* **Material provided**:

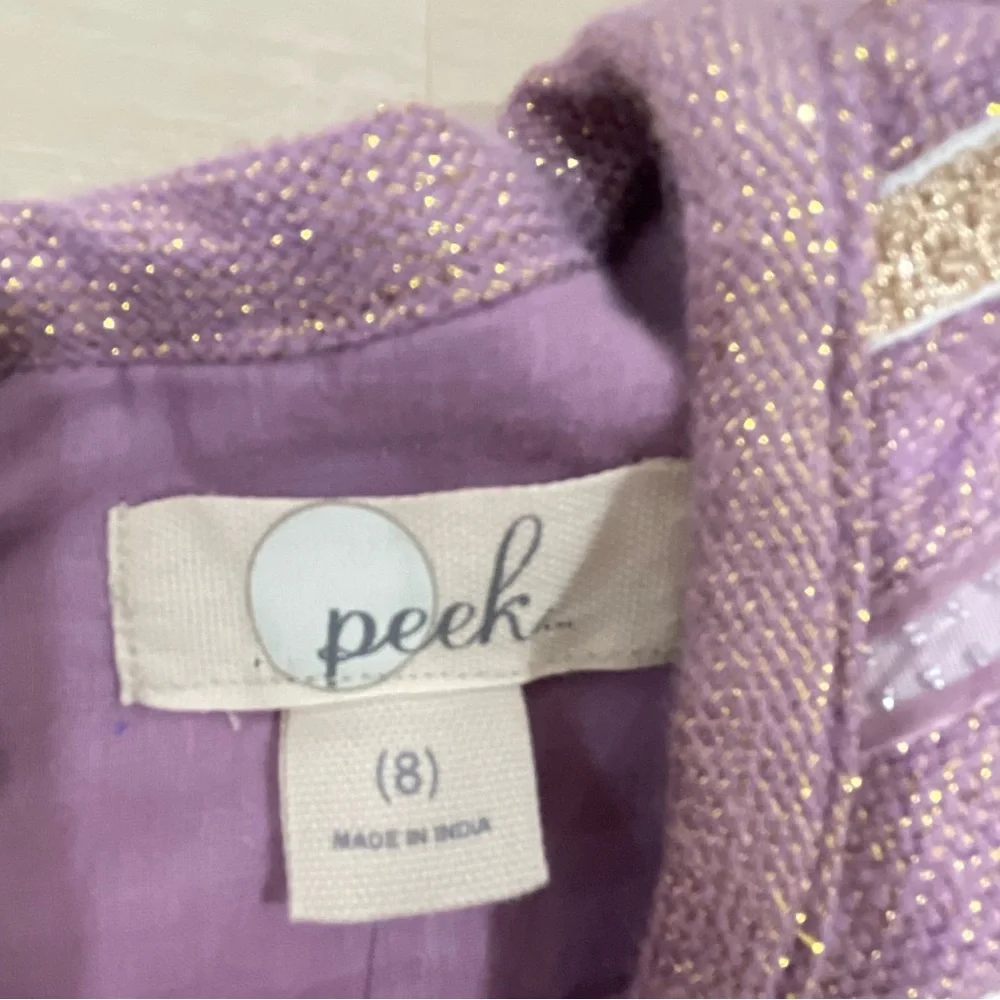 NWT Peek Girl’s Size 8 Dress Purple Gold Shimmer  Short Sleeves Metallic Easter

==

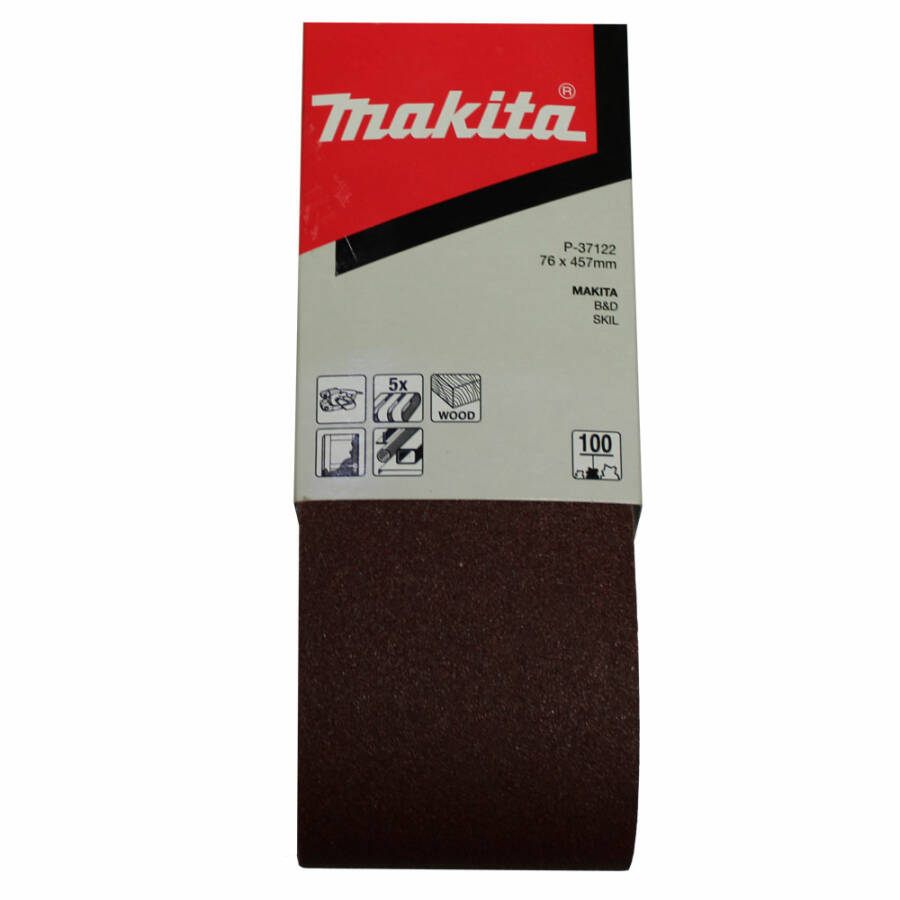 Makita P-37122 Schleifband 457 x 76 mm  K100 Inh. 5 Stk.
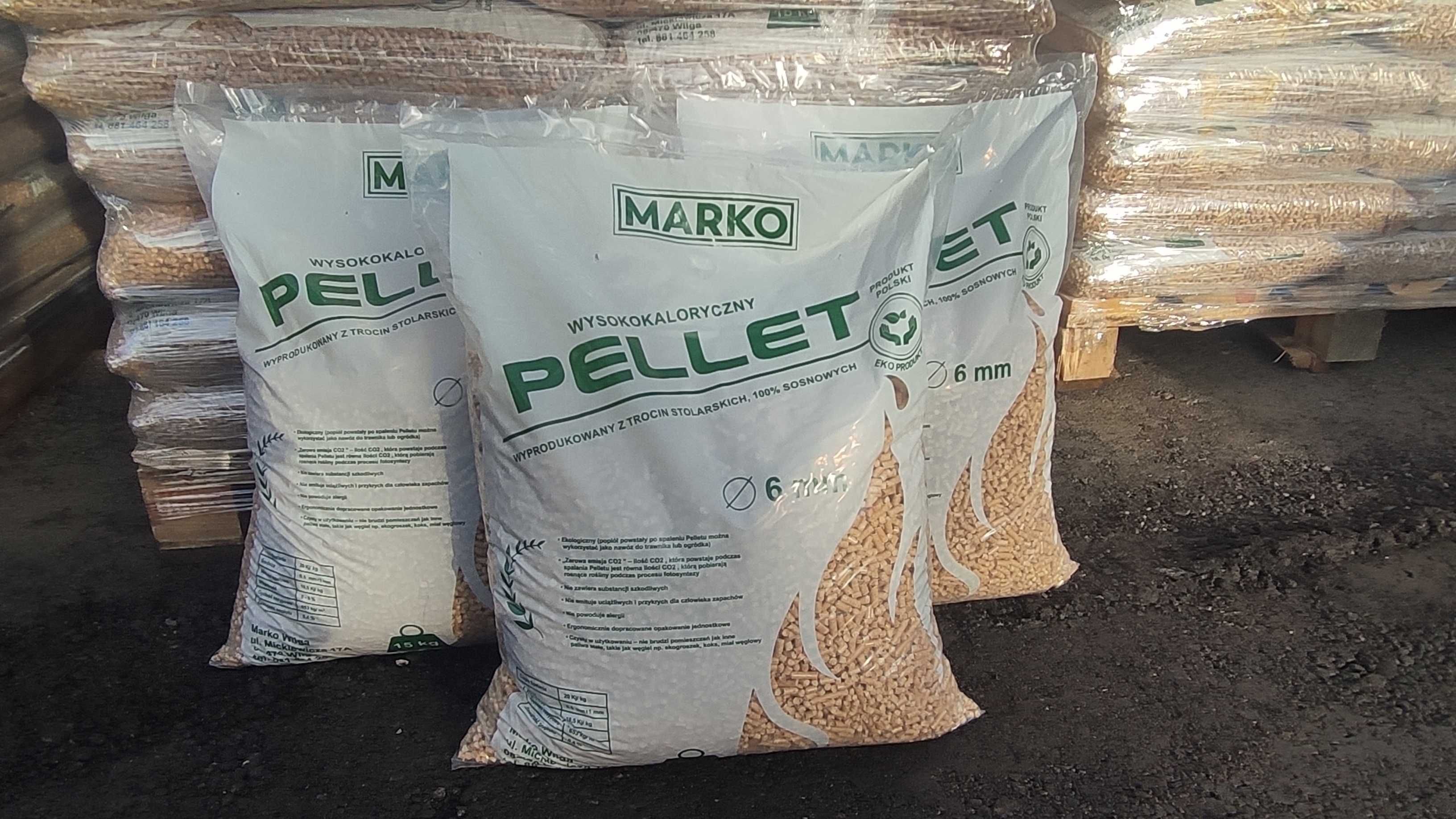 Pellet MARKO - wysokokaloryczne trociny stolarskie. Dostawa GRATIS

* **Required action**:
Return only the part above that opens with the line containing "Makita P-37122 Schleifband" and closes with the line containing "Pellet MARKO - wysokokaloryczne", exactly and with both ends, skipping the pictures.

* **Task output**:
 Makita P-37122 Schleifband 457 x 76 mm  K100 Inh. 5 Stk.
 Pellet MARKO - wysokokaloryczne trociny stolarskie. Dostawa GRATIS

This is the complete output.